What is needed
Keep the pictures out. Copy every line of the listing exactly.

Excerpted data
---

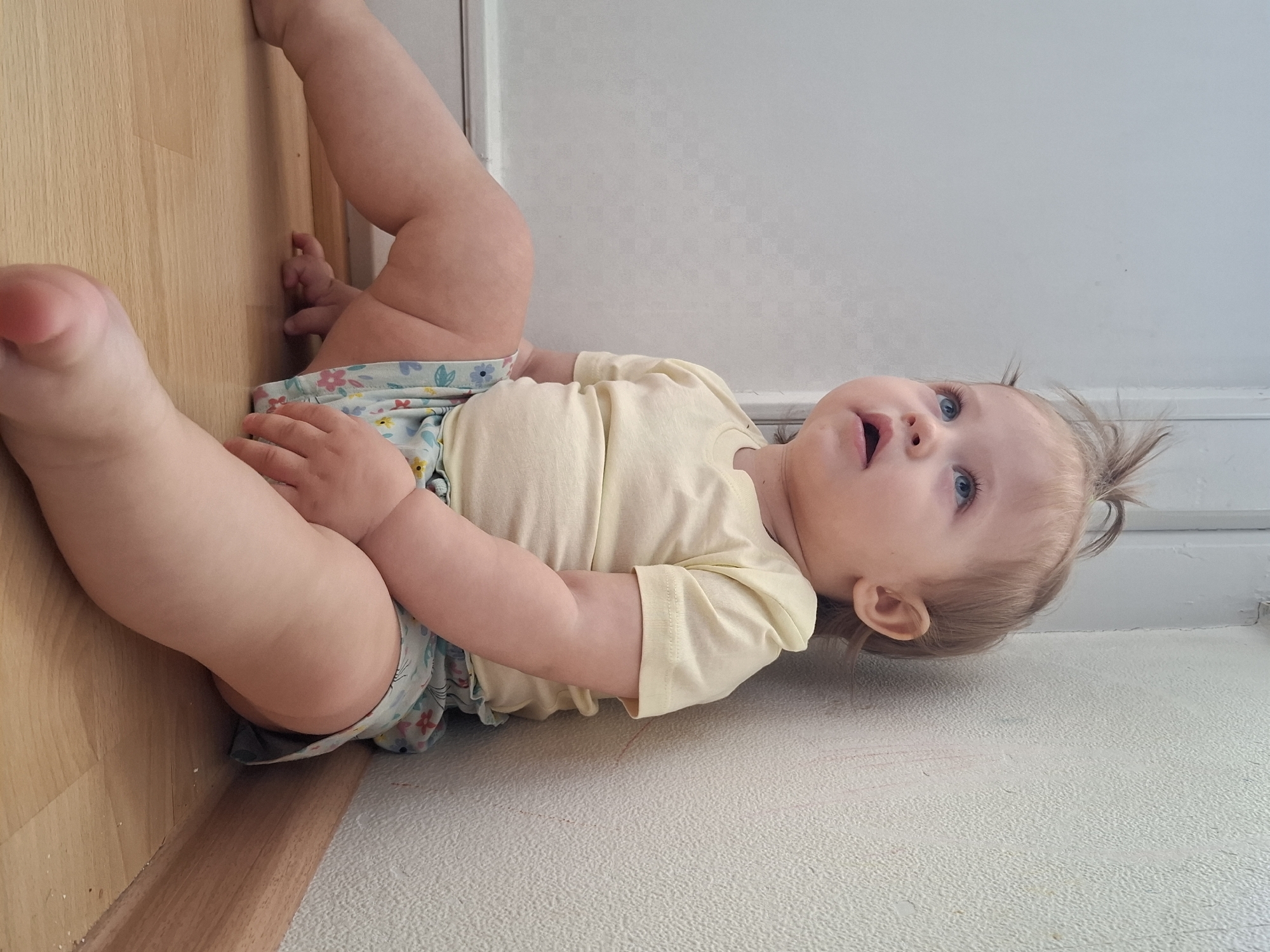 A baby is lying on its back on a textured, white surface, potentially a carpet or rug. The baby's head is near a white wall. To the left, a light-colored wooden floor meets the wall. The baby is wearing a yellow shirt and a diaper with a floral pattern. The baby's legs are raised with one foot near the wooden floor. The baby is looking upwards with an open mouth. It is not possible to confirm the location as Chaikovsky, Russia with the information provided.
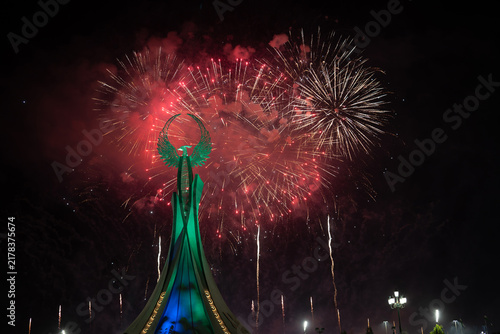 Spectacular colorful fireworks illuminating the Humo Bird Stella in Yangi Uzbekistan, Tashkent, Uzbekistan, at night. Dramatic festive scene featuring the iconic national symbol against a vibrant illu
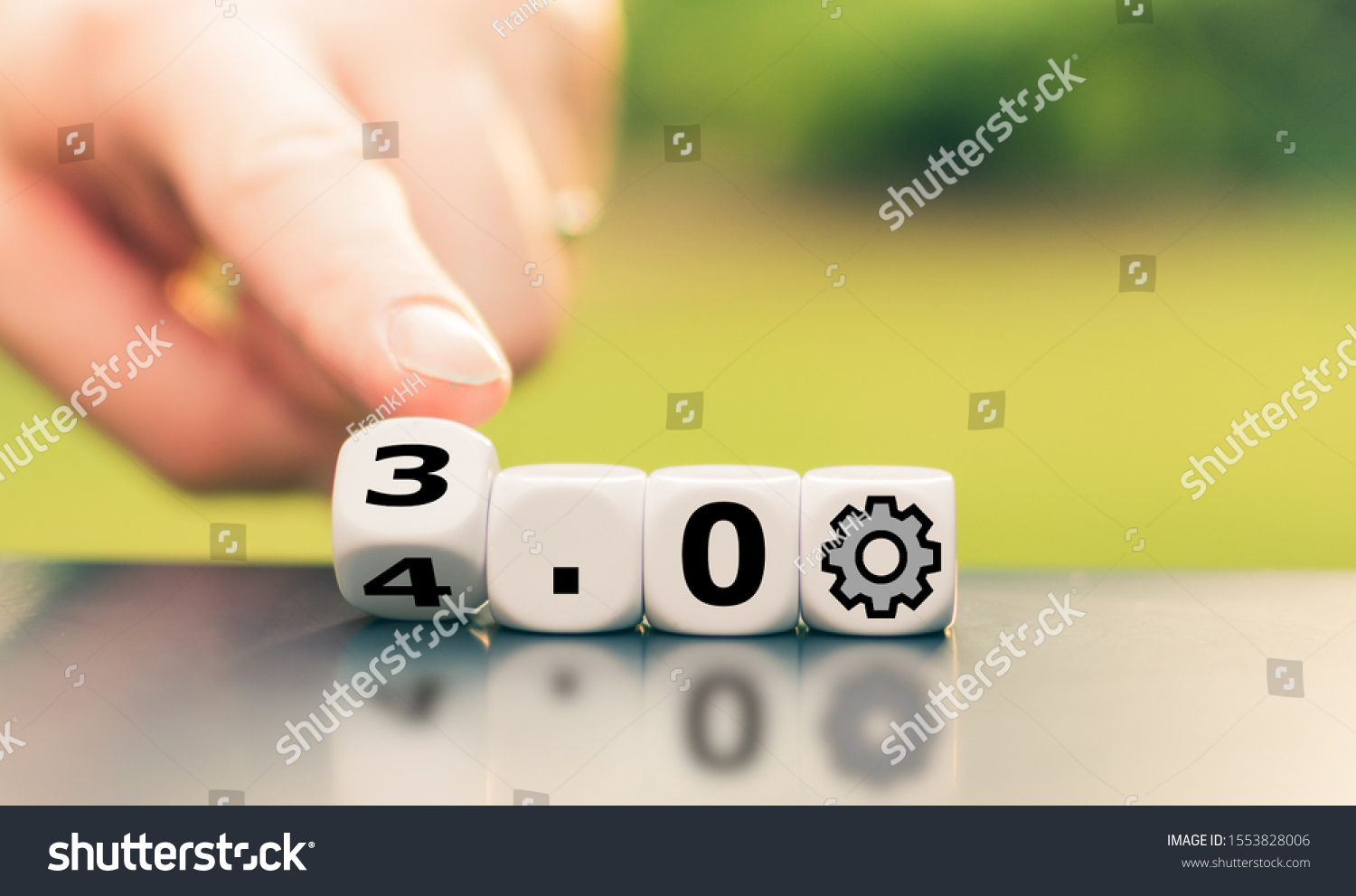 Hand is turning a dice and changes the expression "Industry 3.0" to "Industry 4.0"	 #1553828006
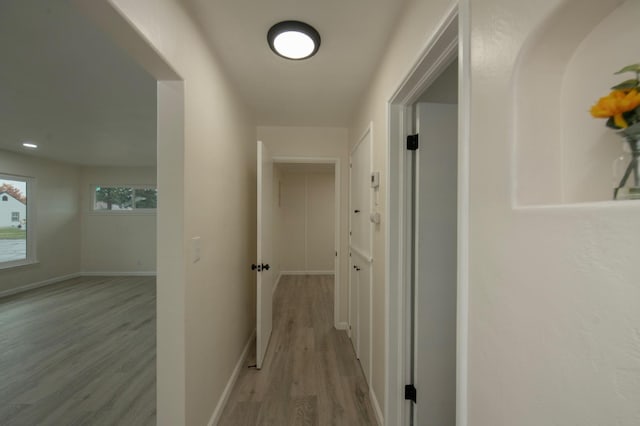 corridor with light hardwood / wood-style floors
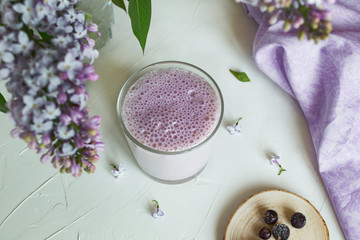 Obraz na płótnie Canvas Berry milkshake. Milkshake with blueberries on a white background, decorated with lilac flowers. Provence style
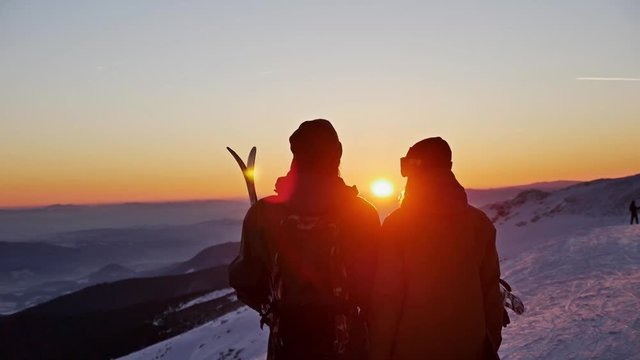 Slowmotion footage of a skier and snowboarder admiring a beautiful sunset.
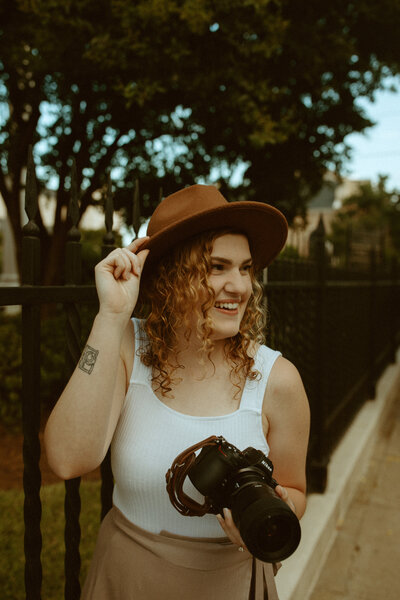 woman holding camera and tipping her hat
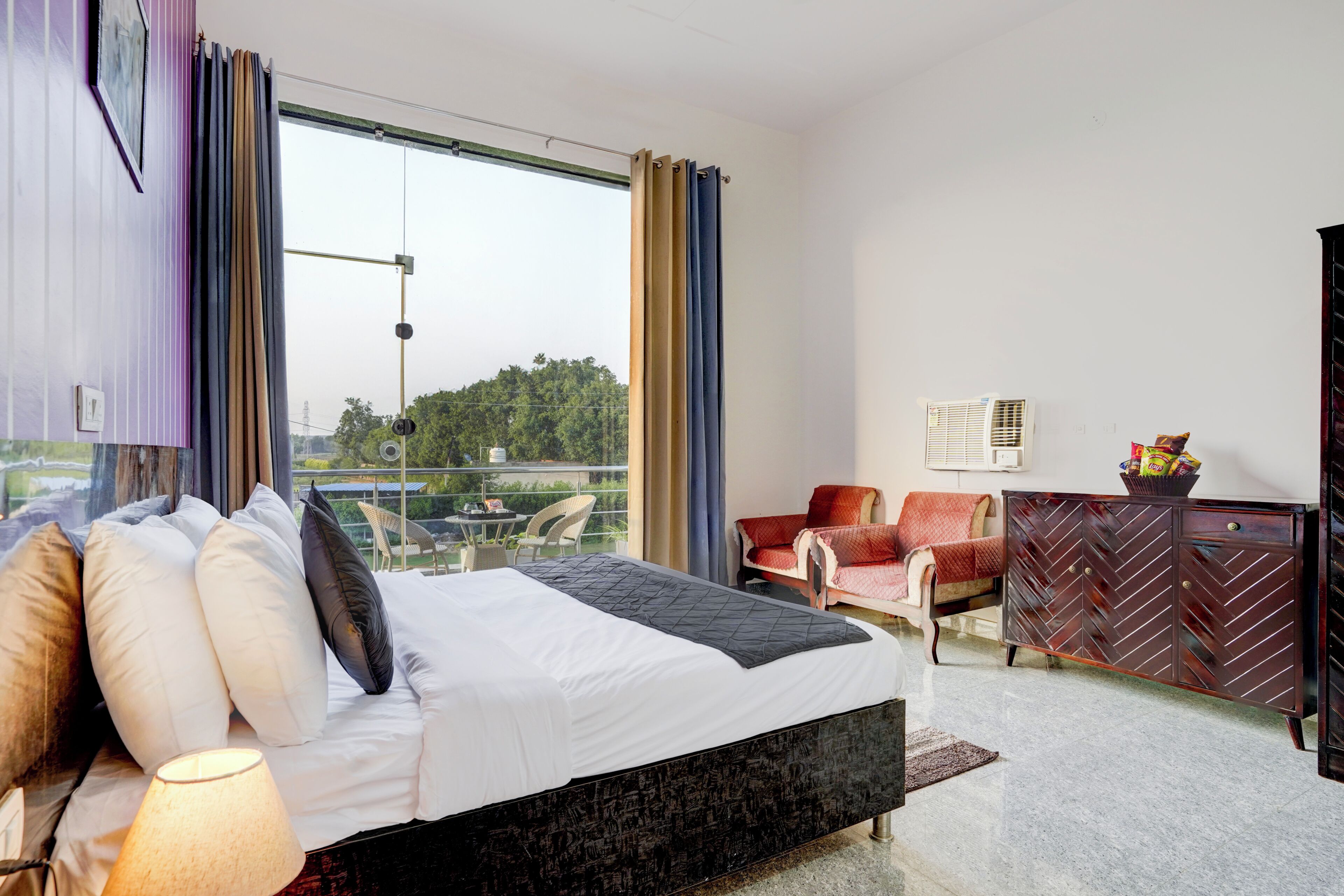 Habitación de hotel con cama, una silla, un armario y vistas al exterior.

---

Answer for this exercise
 A baby is lying on its back on a textured, white surface, potentially a carpet or rug. The baby's head is near a white wall. To the left, a light-colored wooden floor meets the wall. The baby is wearing a yellow shirt and a diaper with a floral pattern. The baby's legs are raised with one foot near the wooden floor. The baby is looking upwards with an open mouth. It is not possible to confirm the location as Chaikovsky, Russia with the information provided.
 Spectacular colorful fireworks illuminating the Humo Bird Stella in Yangi Uzbekistan, Tashkent, Uzbekistan, at night. Dramatic festive scene featuring the iconic national symbol against a vibrant illu
 Hand is turning a dice and changes the expression "Industry 3.0" to "Industry 4.0"	 #1553828006
 corridor with light hardwood / wood-style floors
 Obraz na płótnie Canvas Berry milkshake. Milkshake with blueberries on a white background, decorated with lilac flowers. Provence style
 Slowmotion footage of a skier and snowboarder admiring a beautiful sunset.
 woman holding camera and tipping her hat
 Habitación de hotel con cama, una silla, un armario y vistas al exterior.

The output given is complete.